Sunday, February 3, 2013
Sunday Review: Deathwatch (2002)
A WWI movie about a haunted trench that's boring and tedious? What exactly went wrong here?
The problem with the majority of horror films is a lack of originality. The setting is always the same; whether it’s a summer camp, a house in the suburbs or a cabin in the woods, the same demons and masked murderers pick off the same promiscuous teenagers again and again. Michael J. Bassett’s Deathwatch attempts to shake the formula up by setting his horror story in a WWI trench haunted by some unseen force, which slowly picks off the British soldiers trapped therein one by one. It’s not a terrible concept - the trenches where already like something out of a horror movie, so the idea is ripe for commentary. But a stilted presentation and the nebulous threat keep the film from being anything other than tedious.

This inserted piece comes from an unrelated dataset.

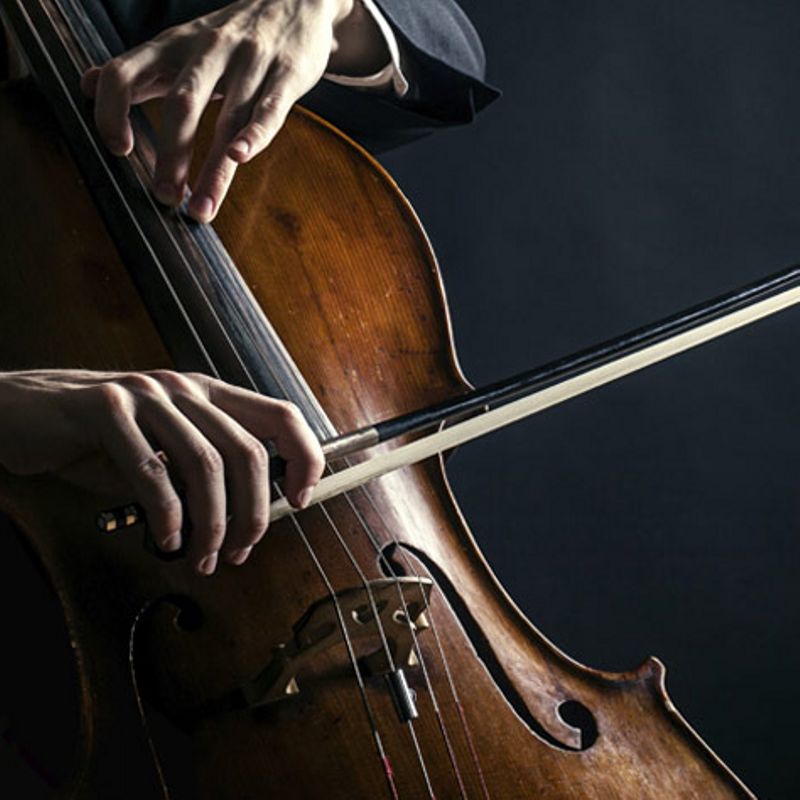 Концерт камерной музыки «Шедевры виолончельного искусства»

The cast is fairly decent throughout, albeit wasted. Concerning a British platoon stranded in a German trench behind enemy lines, we spend the majority of the time with Pvt. Shakespeare, the fresh-faced, sixteen year-old recruit played by Jamie Bell. We don’t learn a whole lot about Shakespeare, other than he doesn’t like violence and he likes to ask questions in an increasingly high-pitched voice. The film is filled with other such empty, stock characters: the green, inexperienced captain, the sergeant who follows orders no matter what, the religious one, the athiest who argues with the religious one, the crazy one, etc. Whatever originality might be gleaned from the setting is instantly thrown out the window by populating the film with such empty characters. Not even Andy Serkis can do much with the part he’s given, as the character is enslaved to the shifting motivations of the shaky script.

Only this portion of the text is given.